■ TASK ITEM ■
Repeat the entries exactly as they appear.

■ PROVIDED DATA ■
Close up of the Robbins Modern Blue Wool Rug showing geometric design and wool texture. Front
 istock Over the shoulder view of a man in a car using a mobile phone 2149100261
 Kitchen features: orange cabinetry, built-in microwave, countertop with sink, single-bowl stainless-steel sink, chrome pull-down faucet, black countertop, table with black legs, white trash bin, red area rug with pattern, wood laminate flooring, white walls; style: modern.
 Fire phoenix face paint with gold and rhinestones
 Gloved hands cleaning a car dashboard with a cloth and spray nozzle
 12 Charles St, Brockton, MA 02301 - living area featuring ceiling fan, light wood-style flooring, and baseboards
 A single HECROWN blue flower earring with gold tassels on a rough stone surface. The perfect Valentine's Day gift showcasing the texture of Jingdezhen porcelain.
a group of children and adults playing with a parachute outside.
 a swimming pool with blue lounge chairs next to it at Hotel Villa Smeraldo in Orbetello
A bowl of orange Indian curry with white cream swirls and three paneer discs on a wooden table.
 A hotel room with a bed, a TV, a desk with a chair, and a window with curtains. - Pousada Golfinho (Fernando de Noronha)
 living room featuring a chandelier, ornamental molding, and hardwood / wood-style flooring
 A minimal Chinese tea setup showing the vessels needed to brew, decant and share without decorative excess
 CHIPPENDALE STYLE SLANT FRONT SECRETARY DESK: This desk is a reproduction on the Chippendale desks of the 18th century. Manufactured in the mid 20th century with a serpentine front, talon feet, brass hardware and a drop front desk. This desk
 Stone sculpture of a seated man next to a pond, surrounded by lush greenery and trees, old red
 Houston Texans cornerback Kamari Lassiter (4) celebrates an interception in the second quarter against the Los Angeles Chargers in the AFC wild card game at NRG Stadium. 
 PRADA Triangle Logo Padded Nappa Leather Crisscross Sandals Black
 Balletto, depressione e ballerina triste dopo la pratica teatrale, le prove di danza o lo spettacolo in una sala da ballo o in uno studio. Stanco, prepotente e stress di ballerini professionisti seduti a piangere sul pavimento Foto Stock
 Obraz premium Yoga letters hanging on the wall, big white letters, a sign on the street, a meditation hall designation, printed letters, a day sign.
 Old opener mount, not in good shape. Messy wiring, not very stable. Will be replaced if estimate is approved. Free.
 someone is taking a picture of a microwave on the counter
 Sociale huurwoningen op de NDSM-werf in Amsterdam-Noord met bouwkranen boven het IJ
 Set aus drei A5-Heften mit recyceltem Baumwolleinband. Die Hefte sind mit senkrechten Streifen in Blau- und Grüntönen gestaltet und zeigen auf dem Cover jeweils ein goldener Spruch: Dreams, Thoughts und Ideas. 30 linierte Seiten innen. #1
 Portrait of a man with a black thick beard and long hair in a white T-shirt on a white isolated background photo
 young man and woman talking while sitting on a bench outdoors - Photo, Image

■ THE ANSWER ■
Close up of the Robbins Modern Blue Wool Rug showing geometric design and wool texture. Front
 istock Over the shoulder view of a man in a car using a mobile phone 2149100261
 Kitchen features: orange cabinetry, built-in microwave, countertop with sink, single-bowl stainless-steel sink, chrome pull-down faucet, black countertop, table with black legs, white trash bin, red area rug with pattern, wood laminate flooring, white walls; style: modern.
 Fire phoenix face paint with gold and rhinestones
 Gloved hands cleaning a car dashboard with a cloth and spray nozzle
 12 Charles St, Brockton, MA 02301 - living area featuring ceiling fan, light wood-style flooring, and baseboards
 A single HECROWN blue flower earring with gold tassels on a rough stone surface. The perfect Valentine's Day gift showcasing the texture of Jingdezhen porcelain.
a group of children and adults playing with a parachute outside.
 a swimming pool with blue lounge chairs next to it at Hotel Villa Smeraldo in Orbetello
A bowl of orange Indian curry with white cream swirls and three paneer discs on a wooden table.
 A hotel room with a bed, a TV, a desk with a chair, and a window with curtains. - Pousada Golfinho (Fernando de Noronha)
 living room featuring a chandelier, ornamental molding, and hardwood / wood-style flooring
 A minimal Chinese tea setup showing the vessels needed to brew, decant and share without decorative excess
 CHIPPENDALE STYLE SLANT FRONT SECRETARY DESK: This desk is a reproduction on the Chippendale desks of the 18th century. Manufactured in the mid 20th century with a serpentine front, talon feet, brass hardware and a drop front desk. This desk
 Stone sculpture of a seated man next to a pond, surrounded by lush greenery and trees, old red
 Houston Texans cornerback Kamari Lassiter (4) celebrates an interception in the second quarter against the Los Angeles Chargers in the AFC wild card game at NRG Stadium. 
 PRADA Triangle Logo Padded Nappa Leather Crisscross Sandals Black
 Balletto, depressione e ballerina triste dopo la pratica teatrale, le prove di danza o lo spettacolo in una sala da ballo o in uno studio. Stanco, prepotente e stress di ballerini professionisti seduti a piangere sul pavimento Foto Stock
 Obraz premium Yoga letters hanging on the wall, big white letters, a sign on the street, a meditation hall designation, printed letters, a day sign.
 Old opener mount, not in good shape. Messy wiring, not very stable. Will be replaced if estimate is approved. Free.
 someone is taking a picture of a microwave on the counter
 Sociale huurwoningen op de NDSM-werf in Amsterdam-Noord met bouwkranen boven het IJ
 Set aus drei A5-Heften mit recyceltem Baumwolleinband. Die Hefte sind mit senkrechten Streifen in Blau- und Grüntönen gestaltet und zeigen auf dem Cover jeweils ein goldener Spruch: Dreams, Thoughts und Ideas. 30 linierte Seiten innen. #1
 Portrait of a man with a black thick beard and long hair in a white T-shirt on a white isolated background photo
 young man and woman talking while sitting on a bench outdoors - Photo, Image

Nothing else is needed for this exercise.